Lithium-ion batteries are present in a high number of commonly used personal electronics such as cell phones, tablets, and laptops. They are also present in cordless tools, vacuums, and even mobility devices. With the increase in the use of e-bikes and e-scooters, these batteries have become even more prevalent in residential settings.

According to the Calgary Fire Department, the number of fires caused by these batteries increased by 150% from 2021 to 2022[1]. These issues are compounded by a lack of mandatory standards for the manufacturing of lithium-ion batteries, aftermarket alteration of batteries, and the sale of uninspected, refurbished batteries that may be unsafe.

An example of this was seen recently on October 23, 2023, when CTV news reported on the sudden explosion of a lithium-ion battery for an e-scooter at a business in northwest Calgary which resulted in a fire.[2] Luckily, no one was injured as a result since the shop owner had just left the building prior to the explosion occurring.
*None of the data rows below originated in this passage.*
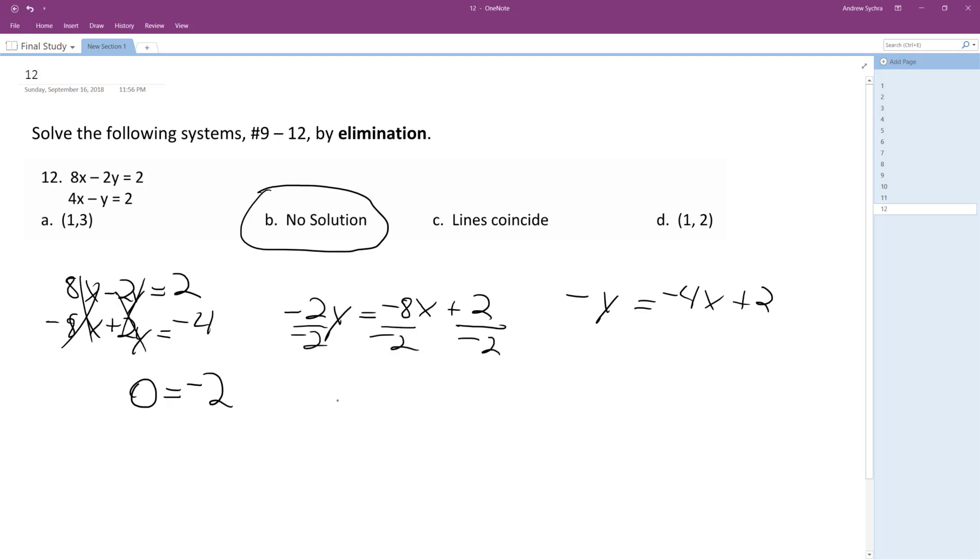So I get y is equal to 4x minus 1. And over here I get divide by negative 1. I get y is equal to 4x minus 2.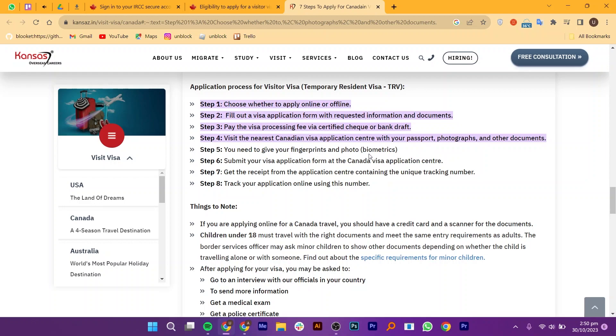Track your application online using this number. If you're interested in applying for this visa, click the first link in the description. Thanks — leave a like, subscribe, and share.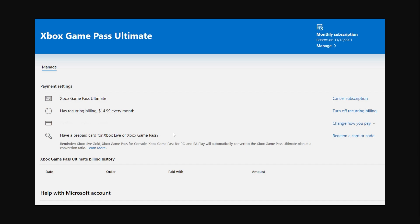If you're sure you want to go ahead and cancel it you can just go over to where it says payment settings and then on the right hand side there will be a button that says cancel subscription. You can simply click on that and then follow the instructions on screen to finish cancelling that subscription. From there it will be cancelled and you won't get charged again.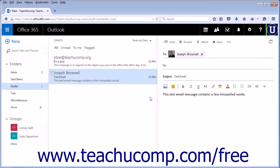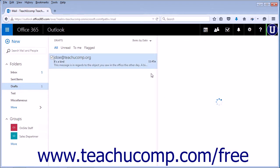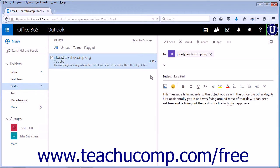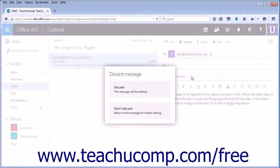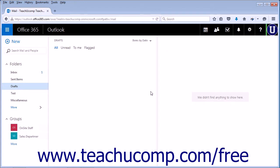If you have draft email messages that you no longer want to send, click the Drafts folder. You can either hover over the message and click the Trash Can icon to automatically send it away. Alternatively, you can click Discard to open the Discard Message Confirmation box and click Discard again to send the message to the Deleted Items folder.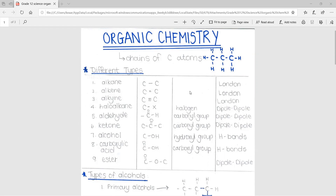So these are all the different types of functional groups. The names of certain functional groups are given here — only certain functional groups have names. For haloalkanes, we have the functional group of a halogen. Aldehydes and ketones have the functional group called the carbonyl group. Alcohols have the hydroxyl group, and carboxylic acids have the carboxyl group.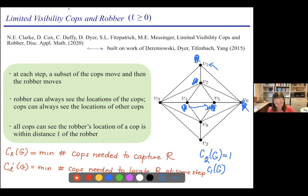This is our L-visibility cops and robbers game. It might look harder because L can take many values rather than just always-see or never-see, but we can actually say quite a lot about the L-visibility cop number. There's a question in the chat: does C_2(G) depend on the starting positions? The idea is we're finding the minimum number of cops needed to catch the robber, assuming cops play optimally. We want to guarantee capture over all possible strategies of the robber.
The damage, however, was not insignificant.

What are the risks?

Lithium-ion battery powered devices require frequent charging of their batteries. Fires resulting from these batteries are increasing, particularly related to e-scooters and e-bikes. In most cases, these fires occur while the battery unit is being charged. These hazards are increased when the batteries are stored below grade with reduced ventilation or where multiple units are being stored and charged together, increasing the risk of overloading power bars or extension cords.

It is suggested that the most common cause of fires related to lithium-ion batteries is leaving the batteries plugged in and charging past the point of full charge. This can lead to what is termed “thermal runaway”, which is an uncontrolled self-heating of the battery, resulting in extremely high temperatures and leading to smoke and fire.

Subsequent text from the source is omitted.